Although most women have a laparotomy for diagnosis, some women have a procedure known as laparoscopy. The doctor inserts a thin, lighted tube (a laparoscope) through a small incision in the abdomen. Laparoscopy may be used to remove a small, benign cyst or an early ovarian cancer. It may also be used to learn whether cancer has spread.

A pathologist uses a microscope to look for cancer cells in the tissue or fluid. If ovarian cancer cells are found, the pathologist describes the grade of the cells. Grades 1, 2, and 3 describe how abnormal the cancer cells look. Grade 1 cancer cells are not as likely as to grow and spread as Grade 3 cells.

Staging

To plan the best treatment, your doctor needs to know the grade of the tumor (see Diagnosis) and the extent (stage) of the disease. The stage is based on whether the tumor has invaded nearby tissues, whether the cancer has spread, and if so, to what parts of the body.

Usually, surgery is needed before staging can be complete. The surgeon takes many samples of tissue from the pelvis and abdomen to look for cancer.

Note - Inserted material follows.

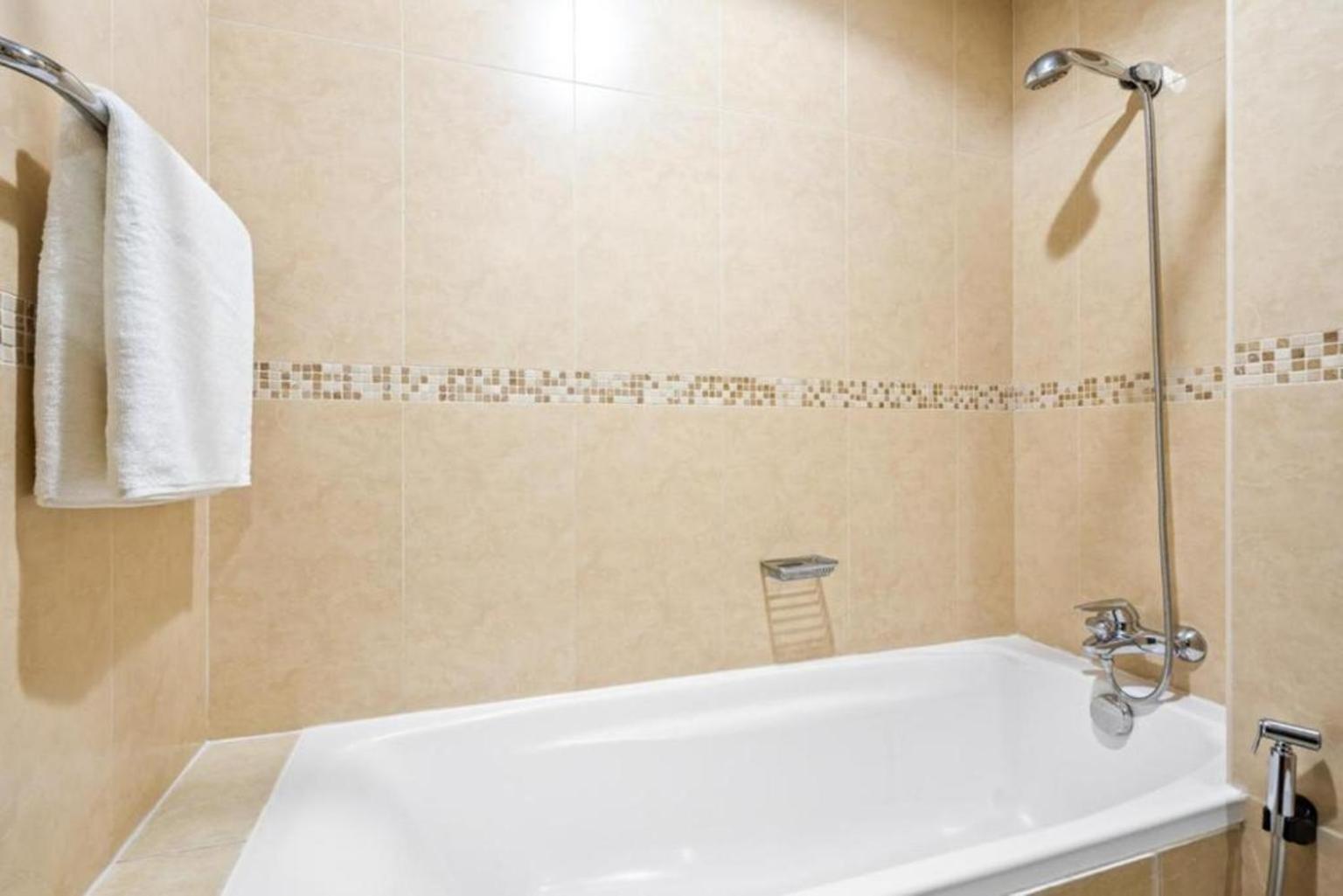 Apartment Click Stay - Jlt - Studio & Balcony Lakes View Entire Apartment -Jn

Your doctor may order tests to find out whether the cancer has spread:

  • CT scan: Doctors often use CT scans to make pictures of organs and tissues in the pelvis or abdomen. An x-ray machine linked to a computer takes several pictures. You may receive contrast material by mouth and by injection into your arm or hand. The contrast material helps the organs or tissues show up more clearly. Abdominal fluid or a tumor may show up on the CT scan.
  • Chest x-ray: X-rays of the chest can show tumors or fluid.
  • Barium enema x-ray: Your doctor may order a series of x-rays of the lower intestine. You are given an enema with a barium solution. The barium outlines the intestine on the x-rays. Areas blocked by cancer may show up on the x-rays.
  • Colonoscopy: Your doctor inserts a long, lighted tube into the rectum and colon. This exam can help tell if cancer has spread to the colon or rectum.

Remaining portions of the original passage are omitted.